# Athena growled and barked at my son.



## wild_deuce03 (Aug 14, 2010)

It sounds worse than it is but it really caught me by surprise. My wife, daughters and myself were watching a movie in the living room. My son was watching a movie in his sister's room. All the dogs were passed out on the living room floor with us. Well, my son's movie ended and he came out of the bedroom. Athena was knocked out underneath my recliner. He startled her walking out, house was dark as well, by saying something. She jumped up and flew about halfway between my son and myself growling and barking. We snapped her out of it, she realized who it was, and we then had him come and pet her and she was all about the belly rub! LOL! 

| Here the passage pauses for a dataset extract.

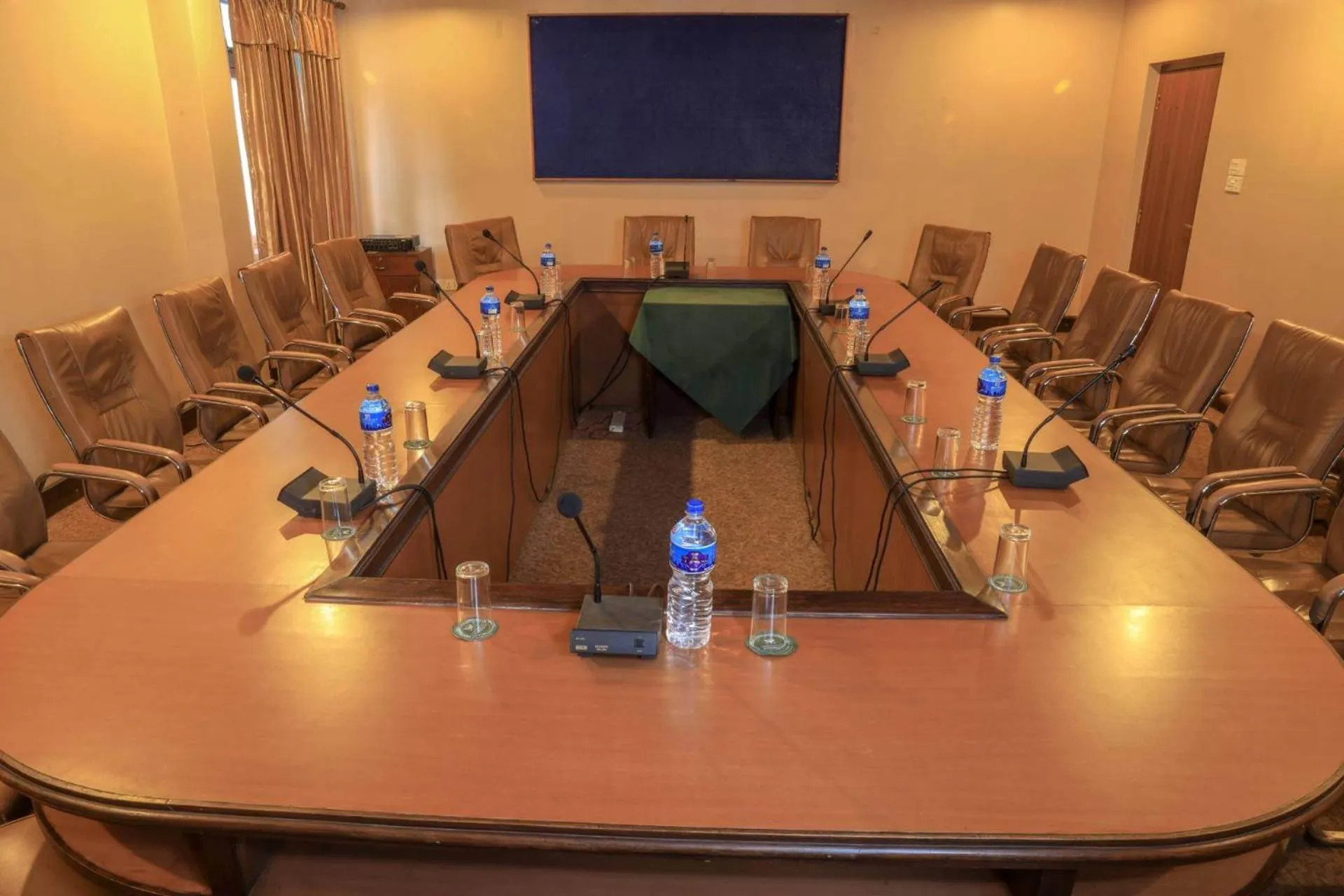 Business facilities in Bharatpur Garden Resort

I only bring it up because I thought it was rather impressive that she WOULD NOT back down like my other dogs always have when they were pups. Almost always, when any of the other dogs got spooked when they were pups they'd bark and run away. Athena just stood there! 

Obviously, barking and growling at my son isn't something that's tolerated and we'll make sure it's not a habit, but under the circumstances it was understandable. I think Athena's eyes were still half shut as she was barking. LOL! Anyways, even though Athena is a Bully, I just thought it was pretty interesting to see the pit in her come out especially since she's only 12 weeks old now (and I say this in the most naive way possible because I am assuming that's what it was. If not, then feel free to correct me. I just know none of my other dogs ever stood there ground like this at such a young age).


----------



## aimee235 (Apr 29, 2007)

That is not the pit coming out of her. APBT's make horrible guard dogs and are not supposed to be HA at all.


----------



## wild_deuce03 (Aug 14, 2010)

aimee235 said:


> That is not the pit coming out of her. APBT's make horrible guard dogs and are not supposed to be HA at all.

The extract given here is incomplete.